When Kids are Mean: A Tale of Playground Woes

mean kids
Mean kids are no fun

Let me start by saying that my kid is no angel. She’s a typical three year old complete with tantrums and drama on the regular. But I didn’t raise her to be mean. Just the other day my daughter came walking from the playground with her head down, pouty face and tears welling in her eyes. Since being a drama queen is a full time job for her, I prepared to hear a story about how she bumped her knee or elbow and was as near death as anyone might come.

I would like to say that her tears were a result of some minor injury, but it was from other children being mean. Some kids told her that she couldn’t play with them. I told her that she didn’t have to play with anyone and that she could march right back on that playground and play on her own. I assured her that I would be watching all the fun things she would be doing. But that wasn’t the end of the story. 

My daughter marched herself back up to the playground and began playing on her own away from the other children. Shortly after, one of the other children decided that my daughter shouldn’t be playing on the playground at all. He marched over to her and screamed in her face to get off the playground. I could see the confusion on my daughter’s face as she continued to play. I didn’t want to intervene. I didn’t want to be the kind of parent that settles arguments for her child. So I waited. 

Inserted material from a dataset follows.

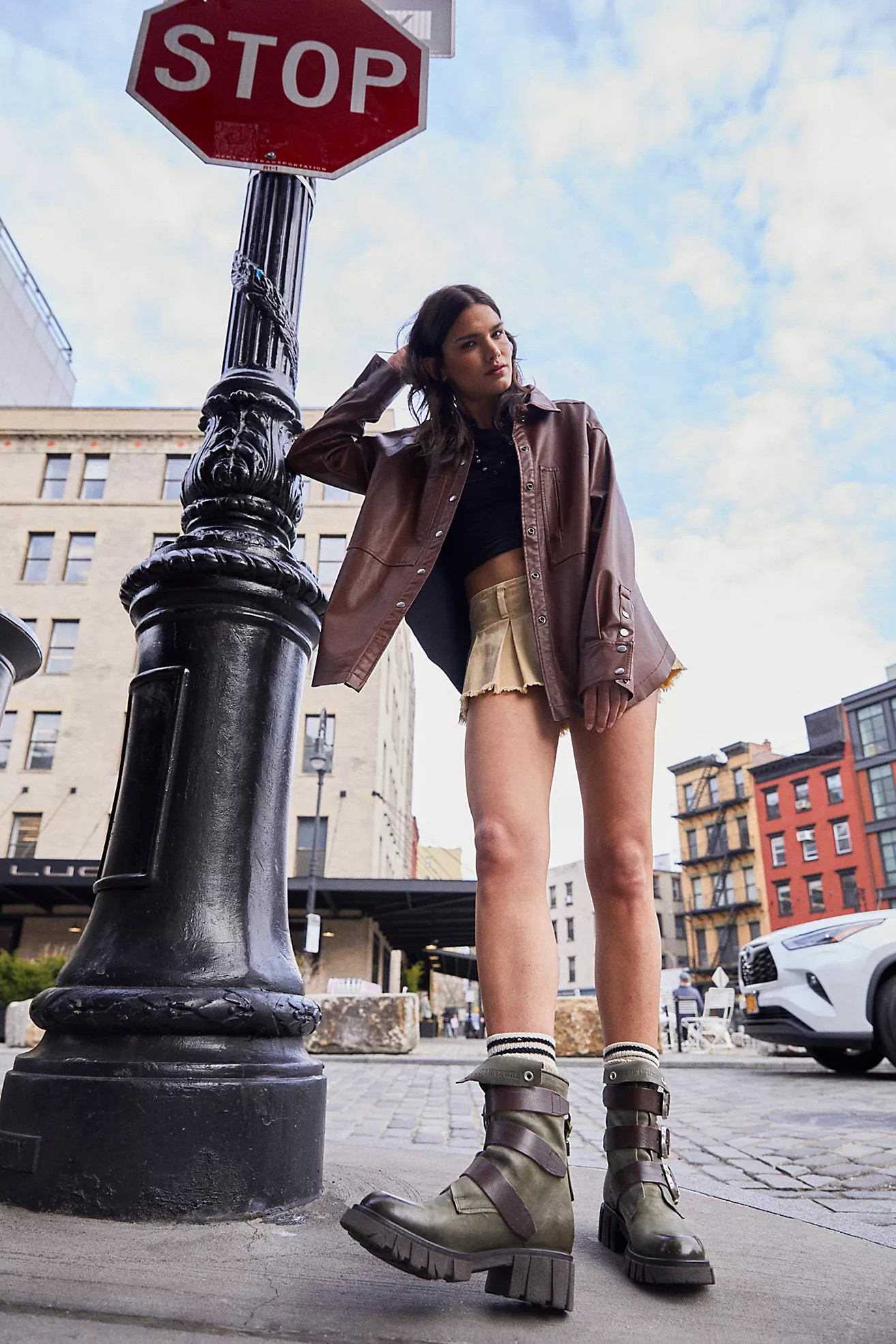 Dami Moto Boots | Free People (Global - UK&FR Excluded)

The other two children approached my daughter yelling the very same thing, “YOU can’t play here! This is our playground.” It was three against one and my daughter relented and made her way back to me with the saddest little expression on her face. Wasn’t the playground for everyone? I had always taught her that some things that belonged to her and others that were for everyone. I wanted her to know that she didn’t have to share her special lovey, but she did have to share her other toys with guests and friends. The playground had always been for everyone.

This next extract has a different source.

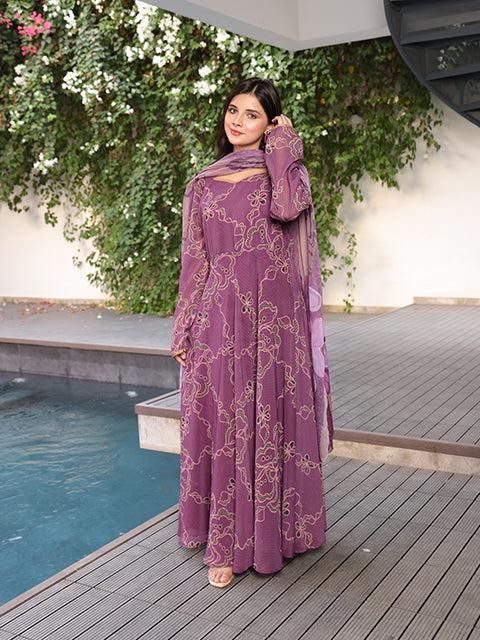 Nazmina - Delicate Wrap Dress (FRT-86), AR-000209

Elementary school pupil being bullied

I was so very angry that day when I left the playground. Angry because someone else had hurt my child, angry that the parents of these children hadn’t stepped in and corrected the behavior, and angry because I was thinking of the pattern of behavior that was inevitably going to continue for these children.

What made them so mean? I couldn’t understand it. I began thinking that I would have to have a conversation with my daughter about standing up for herself at age THREE. I hadn’t seen it coming. I was so used to spending time with other parents who had the same values as I had. When someone fought over a toy, we used timers to make a fair “taking turns” plan. When someone grabbed a toy out of another’s hand, we made sure that child apologized and returned it to the child from whom it was taken. When someone threw an epic tantrum, we supported that parent by ignoring it right along with them. Had I raised my child in such an insular environment that I believed that others were the same?

Raise kind children
Raise kind children

As an educator, this really struck a chord with me. It may seem silly that I would lament over such a trivial event. Some might echo the sentiment … but they’re only three. This was not an isolated incident.  Not unique to my playground, my town, or even my area of the globe. There are news stories each day about children and teens who take their own lives because of the treatment of their peers. It sickens me. 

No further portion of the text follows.